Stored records
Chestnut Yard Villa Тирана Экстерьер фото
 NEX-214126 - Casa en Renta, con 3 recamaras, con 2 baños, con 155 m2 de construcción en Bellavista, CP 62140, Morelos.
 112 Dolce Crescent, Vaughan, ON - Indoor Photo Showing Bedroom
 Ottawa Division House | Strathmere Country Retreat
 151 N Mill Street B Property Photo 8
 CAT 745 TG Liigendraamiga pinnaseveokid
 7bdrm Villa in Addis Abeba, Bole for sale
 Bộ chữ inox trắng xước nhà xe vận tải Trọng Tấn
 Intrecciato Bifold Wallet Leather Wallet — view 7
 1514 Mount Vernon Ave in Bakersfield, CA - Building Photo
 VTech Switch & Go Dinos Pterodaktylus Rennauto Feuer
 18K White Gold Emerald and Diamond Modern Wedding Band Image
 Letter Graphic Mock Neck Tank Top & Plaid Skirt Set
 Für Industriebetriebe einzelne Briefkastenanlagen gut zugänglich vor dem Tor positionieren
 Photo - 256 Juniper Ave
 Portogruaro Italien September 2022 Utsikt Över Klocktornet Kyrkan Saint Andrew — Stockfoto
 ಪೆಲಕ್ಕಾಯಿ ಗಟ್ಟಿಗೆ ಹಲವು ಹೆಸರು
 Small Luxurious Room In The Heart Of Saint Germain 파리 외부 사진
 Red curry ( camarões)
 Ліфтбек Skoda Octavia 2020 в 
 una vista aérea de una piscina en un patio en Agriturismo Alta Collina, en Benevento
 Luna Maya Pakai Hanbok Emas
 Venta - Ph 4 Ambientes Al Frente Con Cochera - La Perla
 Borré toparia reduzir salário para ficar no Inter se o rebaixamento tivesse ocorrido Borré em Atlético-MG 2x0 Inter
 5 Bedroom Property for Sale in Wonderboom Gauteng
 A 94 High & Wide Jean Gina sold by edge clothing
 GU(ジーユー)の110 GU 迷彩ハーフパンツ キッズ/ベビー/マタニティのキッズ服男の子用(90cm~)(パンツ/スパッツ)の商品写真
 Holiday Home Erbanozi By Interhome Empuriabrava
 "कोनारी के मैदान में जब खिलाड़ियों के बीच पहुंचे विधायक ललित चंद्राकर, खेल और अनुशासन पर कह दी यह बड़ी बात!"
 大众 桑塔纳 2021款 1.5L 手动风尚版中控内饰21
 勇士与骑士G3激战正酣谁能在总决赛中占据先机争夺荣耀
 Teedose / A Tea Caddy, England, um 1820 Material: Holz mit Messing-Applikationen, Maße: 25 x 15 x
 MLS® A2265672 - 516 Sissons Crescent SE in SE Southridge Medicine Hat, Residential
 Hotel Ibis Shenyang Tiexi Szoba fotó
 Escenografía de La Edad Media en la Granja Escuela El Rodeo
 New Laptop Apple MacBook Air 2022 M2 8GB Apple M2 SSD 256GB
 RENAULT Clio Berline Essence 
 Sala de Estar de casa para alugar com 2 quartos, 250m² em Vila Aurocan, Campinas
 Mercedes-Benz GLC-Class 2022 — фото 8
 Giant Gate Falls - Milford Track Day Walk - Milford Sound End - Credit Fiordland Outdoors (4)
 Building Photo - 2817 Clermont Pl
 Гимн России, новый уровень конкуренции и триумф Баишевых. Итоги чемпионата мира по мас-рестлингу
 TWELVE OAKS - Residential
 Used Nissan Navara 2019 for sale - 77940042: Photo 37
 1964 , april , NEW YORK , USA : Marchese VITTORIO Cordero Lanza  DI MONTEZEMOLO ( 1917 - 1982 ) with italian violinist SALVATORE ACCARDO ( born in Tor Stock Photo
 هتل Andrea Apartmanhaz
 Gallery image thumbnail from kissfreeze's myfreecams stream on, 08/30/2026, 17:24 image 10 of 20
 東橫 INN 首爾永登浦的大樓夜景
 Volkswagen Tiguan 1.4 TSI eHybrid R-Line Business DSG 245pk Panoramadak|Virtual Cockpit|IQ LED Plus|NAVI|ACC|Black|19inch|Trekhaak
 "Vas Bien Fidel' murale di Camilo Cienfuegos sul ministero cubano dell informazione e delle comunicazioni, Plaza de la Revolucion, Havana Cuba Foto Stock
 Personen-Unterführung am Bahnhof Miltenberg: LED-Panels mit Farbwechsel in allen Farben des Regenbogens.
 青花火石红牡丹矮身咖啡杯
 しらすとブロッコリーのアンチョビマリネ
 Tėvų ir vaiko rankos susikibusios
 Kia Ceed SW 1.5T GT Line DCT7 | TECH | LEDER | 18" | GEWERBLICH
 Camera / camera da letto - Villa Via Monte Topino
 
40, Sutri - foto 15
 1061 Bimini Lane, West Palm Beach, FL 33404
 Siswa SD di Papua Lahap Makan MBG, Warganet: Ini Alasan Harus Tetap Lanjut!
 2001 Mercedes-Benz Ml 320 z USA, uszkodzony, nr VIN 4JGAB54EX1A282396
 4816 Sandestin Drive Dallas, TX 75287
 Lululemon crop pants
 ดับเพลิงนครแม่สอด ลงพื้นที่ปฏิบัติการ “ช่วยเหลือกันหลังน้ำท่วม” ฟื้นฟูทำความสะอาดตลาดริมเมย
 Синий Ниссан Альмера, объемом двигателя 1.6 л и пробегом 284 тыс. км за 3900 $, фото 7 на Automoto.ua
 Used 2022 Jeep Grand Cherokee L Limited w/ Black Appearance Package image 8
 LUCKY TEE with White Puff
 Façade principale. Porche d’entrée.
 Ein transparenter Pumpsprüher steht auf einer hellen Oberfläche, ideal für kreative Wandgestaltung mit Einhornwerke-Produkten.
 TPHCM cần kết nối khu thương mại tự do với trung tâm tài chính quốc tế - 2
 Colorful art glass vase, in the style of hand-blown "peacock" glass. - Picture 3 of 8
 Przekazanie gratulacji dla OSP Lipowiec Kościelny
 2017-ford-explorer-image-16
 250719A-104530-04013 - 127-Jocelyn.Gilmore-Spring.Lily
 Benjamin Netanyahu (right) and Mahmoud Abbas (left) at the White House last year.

WHAT NEEDS TO BE DONE:
Word for word, repeat every line of the data.

THE COMPLETED TASK:
Chestnut Yard Villa Тирана Экстерьер фото
 NEX-214126 - Casa en Renta, con 3 recamaras, con 2 baños, con 155 m2 de construcción en Bellavista, CP 62140, Morelos.
 112 Dolce Crescent, Vaughan, ON - Indoor Photo Showing Bedroom
 Ottawa Division House | Strathmere Country Retreat
 151 N Mill Street B Property Photo 8
 CAT 745 TG Liigendraamiga pinnaseveokid
 7bdrm Villa in Addis Abeba, Bole for sale
 Bộ chữ inox trắng xước nhà xe vận tải Trọng Tấn
 Intrecciato Bifold Wallet Leather Wallet — view 7
 1514 Mount Vernon Ave in Bakersfield, CA - Building Photo
 VTech Switch & Go Dinos Pterodaktylus Rennauto Feuer
 18K White Gold Emerald and Diamond Modern Wedding Band Image
 Letter Graphic Mock Neck Tank Top & Plaid Skirt Set
 Für Industriebetriebe einzelne Briefkastenanlagen gut zugänglich vor dem Tor positionieren
 Photo - 256 Juniper Ave
 Portogruaro Italien September 2022 Utsikt Över Klocktornet Kyrkan Saint Andrew — Stockfoto
 ಪೆಲಕ್ಕಾಯಿ ಗಟ್ಟಿಗೆ ಹಲವು ಹೆಸರು
 Small Luxurious Room In The Heart Of Saint Germain 파리 외부 사진
 Red curry ( camarões)
 Ліфтбек Skoda Octavia 2020 в 
 una vista aérea de una piscina en un patio en Agriturismo Alta Collina, en Benevento
 Luna Maya Pakai Hanbok Emas
 Venta - Ph 4 Ambientes Al Frente Con Cochera - La Perla
 Borré toparia reduzir salário para ficar no Inter se o rebaixamento tivesse ocorrido Borré em Atlético-MG 2x0 Inter
 5 Bedroom Property for Sale in Wonderboom Gauteng
 A 94 High & Wide Jean Gina sold by edge clothing
 GU(ジーユー)の110 GU 迷彩ハーフパンツ キッズ/ベビー/マタニティのキッズ服男の子用(90cm~)(パンツ/スパッツ)の商品写真
 Holiday Home Erbanozi By Interhome Empuriabrava
 "कोनारी के मैदान में जब खिलाड़ियों के बीच पहुंचे विधायक ललित चंद्राकर, खेल और अनुशासन पर कह दी यह बड़ी बात!"
 大众 桑塔纳 2021款 1.5L 手动风尚版中控内饰21
 勇士与骑士G3激战正酣谁能在总决赛中占据先机争夺荣耀
 Teedose / A Tea Caddy, England, um 1820 Material: Holz mit Messing-Applikationen, Maße: 25 x 15 x
 MLS® A2265672 - 516 Sissons Crescent SE in SE Southridge Medicine Hat, Residential
 Hotel Ibis Shenyang Tiexi Szoba fotó
 Escenografía de La Edad Media en la Granja Escuela El Rodeo
 New Laptop Apple MacBook Air 2022 M2 8GB Apple M2 SSD 256GB
 RENAULT Clio Berline Essence 
 Sala de Estar de casa para alugar com 2 quartos, 250m² em Vila Aurocan, Campinas
 Mercedes-Benz GLC-Class 2022 — фото 8
 Giant Gate Falls - Milford Track Day Walk - Milford Sound End - Credit Fiordland Outdoors (4)
 Building Photo - 2817 Clermont Pl
 Гимн России, новый уровень конкуренции и триумф Баишевых. Итоги чемпионата мира по мас-рестлингу
 TWELVE OAKS - Residential
 Used Nissan Navara 2019 for sale - 77940042: Photo 37
 1964 , april , NEW YORK , USA : Marchese VITTORIO Cordero Lanza  DI MONTEZEMOLO ( 1917 - 1982 ) with italian violinist SALVATORE ACCARDO ( born in Tor Stock Photo
 هتل Andrea Apartmanhaz
 Gallery image thumbnail from kissfreeze's myfreecams stream on, 08/30/2026, 17:24 image 10 of 20
 東橫 INN 首爾永登浦的大樓夜景
 Volkswagen Tiguan 1.4 TSI eHybrid R-Line Business DSG 245pk Panoramadak|Virtual Cockpit|IQ LED Plus|NAVI|ACC|Black|19inch|Trekhaak
 "Vas Bien Fidel' murale di Camilo Cienfuegos sul ministero cubano dell informazione e delle comunicazioni, Plaza de la Revolucion, Havana Cuba Foto Stock
 Personen-Unterführung am Bahnhof Miltenberg: LED-Panels mit Farbwechsel in allen Farben des Regenbogens.
 青花火石红牡丹矮身咖啡杯
 しらすとブロッコリーのアンチョビマリネ
 Tėvų ir vaiko rankos susikibusios
 Kia Ceed SW 1.5T GT Line DCT7 | TECH | LEDER | 18" | GEWERBLICH
 Camera / camera da letto - Villa Via Monte Topino
 
40, Sutri - foto 15
 1061 Bimini Lane, West Palm Beach, FL 33404
 Siswa SD di Papua Lahap Makan MBG, Warganet: Ini Alasan Harus Tetap Lanjut!
 2001 Mercedes-Benz Ml 320 z USA, uszkodzony, nr VIN 4JGAB54EX1A282396
 4816 Sandestin Drive Dallas, TX 75287
 Lululemon crop pants
 ดับเพลิงนครแม่สอด ลงพื้นที่ปฏิบัติการ “ช่วยเหลือกันหลังน้ำท่วม” ฟื้นฟูทำความสะอาดตลาดริมเมย
 Синий Ниссан Альмера, объемом двигателя 1.6 л и пробегом 284 тыс. км за 3900 $, фото 7 на Automoto.ua
 Used 2022 Jeep Grand Cherokee L Limited w/ Black Appearance Package image 8
 LUCKY TEE with White Puff
 Façade principale. Porche d’entrée.
 Ein transparenter Pumpsprüher steht auf einer hellen Oberfläche, ideal für kreative Wandgestaltung mit Einhornwerke-Produkten.
 TPHCM cần kết nối khu thương mại tự do với trung tâm tài chính quốc tế - 2
 Colorful art glass vase, in the style of hand-blown "peacock" glass. - Picture 3 of 8
 Przekazanie gratulacji dla OSP Lipowiec Kościelny
 2017-ford-explorer-image-16
 250719A-104530-04013 - 127-Jocelyn.Gilmore-Spring.Lily
 Benjamin Netanyahu (right) and Mahmoud Abbas (left) at the White House last year.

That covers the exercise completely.